PyPI version Open In Colab

Protein Feature Enrichment Score (PFES) is an interpretable framework for missense variant interpretation. Rather than outputting a single pathogenicity probability, PFES quantifies the degree to which a variant's protein characteristics statistically resemble known pathogenic or benign variation, and decomposes that signal into six feature attribute categories: physicochemical properties, 3D structure, domain/region annotations, functional sites, post-translational modifications, and protein-protein interactions.
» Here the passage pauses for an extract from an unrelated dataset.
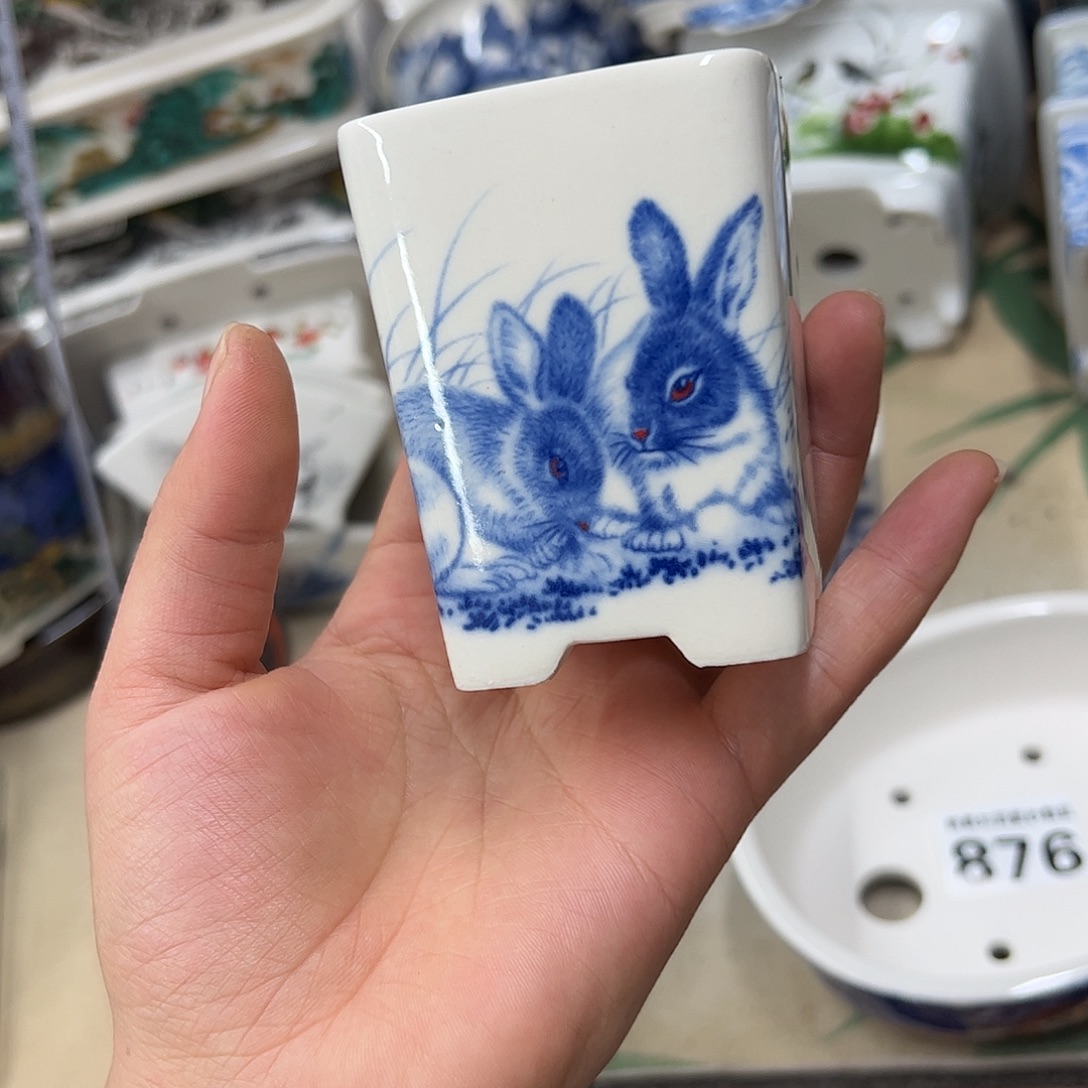 花盆紫砂724号瑕疵6/7cm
This repository contains the data, analysis notebooks, and source code accompanying the manuscript: BioRxiv 2025


Repository Structure

missense-pfes/
├── data/                        # Pre-Preprocessed protein feature annotations for case/control datasets
├── notebooks/                   # Analysis notebooks reproducing key figures and results
├── results/                     # Output files - precomputed enrichment odds ratios and p-values, scored case and control datasets from batch pfes scorer, example output folder from PFES Colab
├── src/pfes/                    # PFES batch scorer (installable as a CLI tool)
└── glossary_protein_feature.md  # Definitions of all 103 protein features used in PFES

Quick Start: Query a variant(s)

The easiest way to use PFES is through our Google Colab notebook, which requires no local installation: Open In Colab

The notebook returns two outputs for any queried variant(s):

  1. PFES report — overall PFES, PFES partitioning category with statistical significance, and a breakdown of contributions across six attribute categories with plain-language interpretation of each enriched feature

  2. Protein-wide mutational landscape — a heatmap of PFES across all possible amino acid substitutions in the queried protein, decomposed by attribute category, showing where the variant of interest sits within the full substitution space

PFES Batch Scorer

src/pfes/scorer.py computes PFES scores for a batch of missense variants from a TSV/CSV input file. It fetches protein feature data via the g2papi package and the enrichment table from this repository.

Installation

pip install missense-pfes

Or install from source:

git clone https://github.com/broadinstitute/missense-pfes.git
cd missense-pfes
pip install .

Input format

The input file should be a TSV or CSV with the following columns:

Column Description
Gene HGNC gene symbol
UniProt UniProt accession
ResID Residue position
RefAA Reference amino acid (single-letter)
AltAA Alternate amino acid (single-letter)

Usage

usage: pfes [-h] -i INPUT -o OUTPUT [--rerun] [--log LOG] [--workers WORKERS]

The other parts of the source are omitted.